Interest income on loans increased by $236,000 or 8.8% to $2.9 million during
the three months ended June 30, 1998 when compared with $2.7 million during the
same period in 1997. The increase during the 1998 period resulted from an
increase of $16.9 million in the average balance of loans outstanding which was
partially offset by a decrease of 20 basis points in the yield earned on the
loan portfolio. Interest on mortgage-backed securities decreased $272,000 or
28.5% to $683,000 during the three months ended June 30, 1998 when compared with
$955,000 for the same period in 1997. The decrease during the 1998 period
resulted from a decrease in the average balance of mortgage-backed securities
available for sale outstanding of $4.4 million along with a decrease of 151
basis points in the yield earned. The decrease in the yield on mortgage-backed
securities available for sale resulted from employing an interest rate risk
reduction strategy whereby the Bank sold fixed rate mortgage-backed securities
and purchased adjustable rate mortgage-backed securities. Interest earned on
investment securities available for sale decreased $44,000 or 73.3% to $16,000
during the three months ended June 30, 1998 when compared with $60,000 for the
same period in 1997. The decrease during the 1998 period resulted from a
decrease of $2.7 million in the average balance of securities outstanding which
was partially offset by a 5 basis points increase in the yield earned on such
securities. Interest earned on other interest-earning assets increased by
$223,000 or 275.3% to $304,000 during the three months ended June 30, 1998 when
compared with $81,000 for the same 1997 period. The increase during the 1998
period resulted from an increase of $16.5 million in the average balance of
other interest-earning assets outstanding which was partially offset by a
decrease in the yield earned of 102 basis points on such portfolio.

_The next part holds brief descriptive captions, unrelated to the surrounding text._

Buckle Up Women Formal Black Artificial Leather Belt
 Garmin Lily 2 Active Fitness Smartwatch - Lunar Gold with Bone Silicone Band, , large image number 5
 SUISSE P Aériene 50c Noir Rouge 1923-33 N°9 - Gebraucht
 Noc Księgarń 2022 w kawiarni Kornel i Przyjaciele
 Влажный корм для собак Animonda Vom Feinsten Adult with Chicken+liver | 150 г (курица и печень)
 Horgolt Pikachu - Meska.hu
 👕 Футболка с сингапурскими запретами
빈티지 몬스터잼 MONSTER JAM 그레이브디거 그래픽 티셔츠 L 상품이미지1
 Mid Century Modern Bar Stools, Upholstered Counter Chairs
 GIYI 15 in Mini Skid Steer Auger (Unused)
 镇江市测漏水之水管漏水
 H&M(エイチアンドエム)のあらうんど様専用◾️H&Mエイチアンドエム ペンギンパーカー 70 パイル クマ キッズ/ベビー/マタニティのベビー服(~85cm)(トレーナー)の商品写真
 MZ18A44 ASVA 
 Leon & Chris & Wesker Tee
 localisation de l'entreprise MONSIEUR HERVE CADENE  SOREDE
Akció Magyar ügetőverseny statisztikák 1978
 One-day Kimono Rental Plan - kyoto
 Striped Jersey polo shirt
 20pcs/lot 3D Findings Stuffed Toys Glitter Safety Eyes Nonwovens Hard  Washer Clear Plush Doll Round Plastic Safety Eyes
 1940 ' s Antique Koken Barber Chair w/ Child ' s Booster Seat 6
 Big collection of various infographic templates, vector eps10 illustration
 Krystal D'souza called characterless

Interest expense on deposits increased $251,000 or 11.4% to $2.5 million during
the three months ended June 30, 1998 when compared to $2.2 million during the
same period in 1997. Such increase during the 1998 period was attributable to an
increase of 10 basis points in the cost of interest-bearing deposits along with
an increase of $17.2 million in the average balance of interest-bearing deposits
outstanding. Interest on FHLB advances amounted to $30,000 during the three
months ended June 30, 1997. During the 1998 period, the Bank had no FHLB
advances outstanding.
Net interest income decreased $78,000 or 5.1% to $1.5 million during the three
months ended June 30, 1998 when compared with $1.6 million the same 1997 period.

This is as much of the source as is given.